Conseil d'État, 8ème chambre, 23/12/2016, 394106, Inédit au recueil Lebon

Texte intégral

RÉPUBLIQUE FRANCAISE
AU NOM DU PEUPLE FRANCAIS

Vu la procédure suivante :

Mme A...C...épouse B...a demandé à la Cour nationale du droit d'asile d'annuler la décision du directeur de l'Office français de protection des réfugiés et apatrides du 31 mars 2015 rejetant sa demande d'asile.
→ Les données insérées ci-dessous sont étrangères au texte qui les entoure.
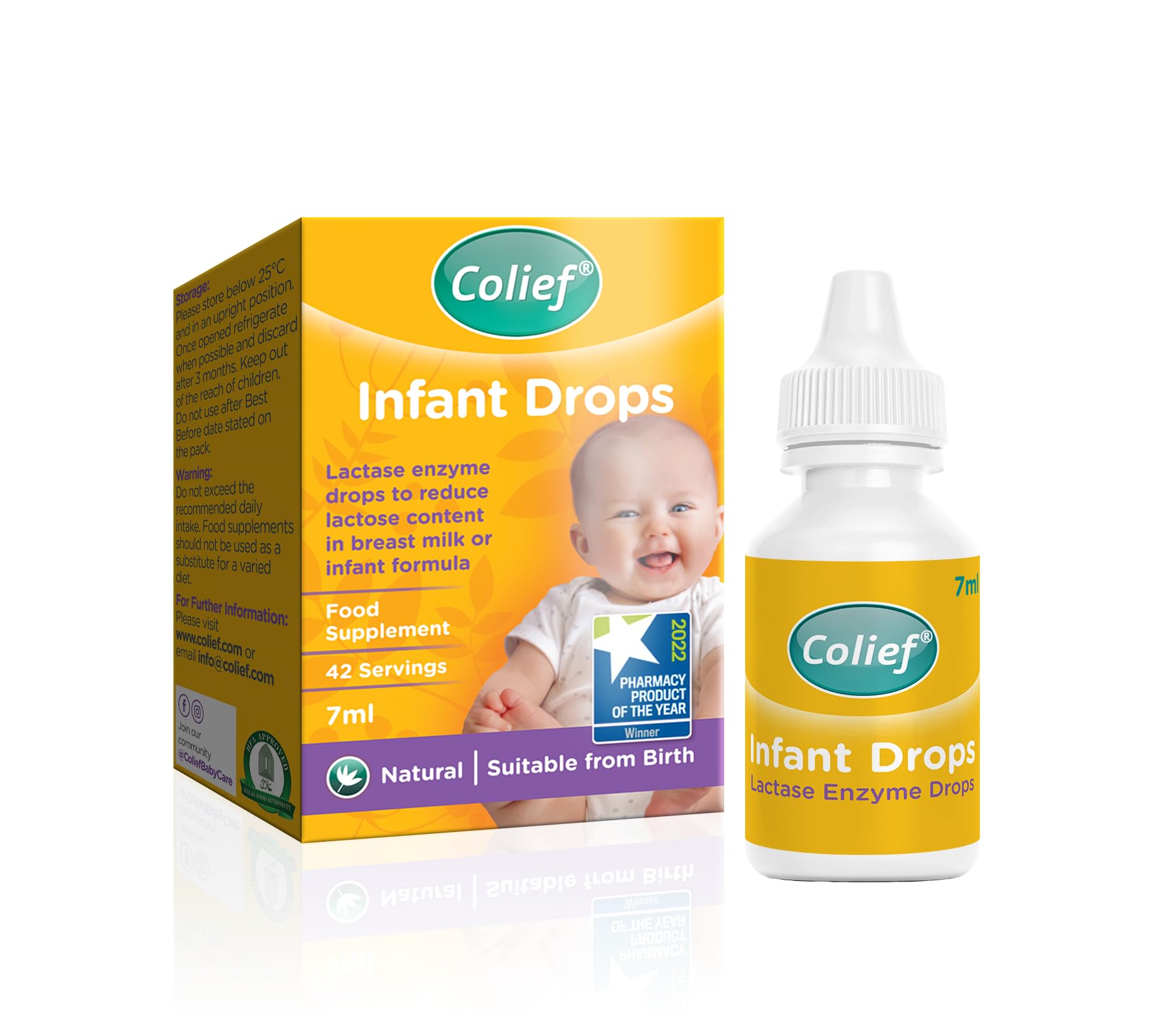 Colief Infant Drops | Lactase Enzyme Drops | Natural Colic Relief for Babies | Reduces Bloating, 7ml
Par une ordonnance n° 15011331 du 19 août 2015, le président de la formation de jugement de la Cour nationale du droit d'asile a rejeté sa demande.

Par un pourvoi sommaire et un mémoire complémentaire, enregistrés les 16 octobre 2015 et 1er février 2016 au secrétariat du contentieux du Conseil d'Etat, Mme A...C...demande au Conseil d'Etat :

1°) d'annuler cette ordonnance ;

2°) réglant l'affaire au fond, de faire droit à ses conclusions de première instance ;

3°) de mettre à la charge de l'Etat la somme de 2 000 euros au titre de l'article L. 761-1 du code de justice administrative.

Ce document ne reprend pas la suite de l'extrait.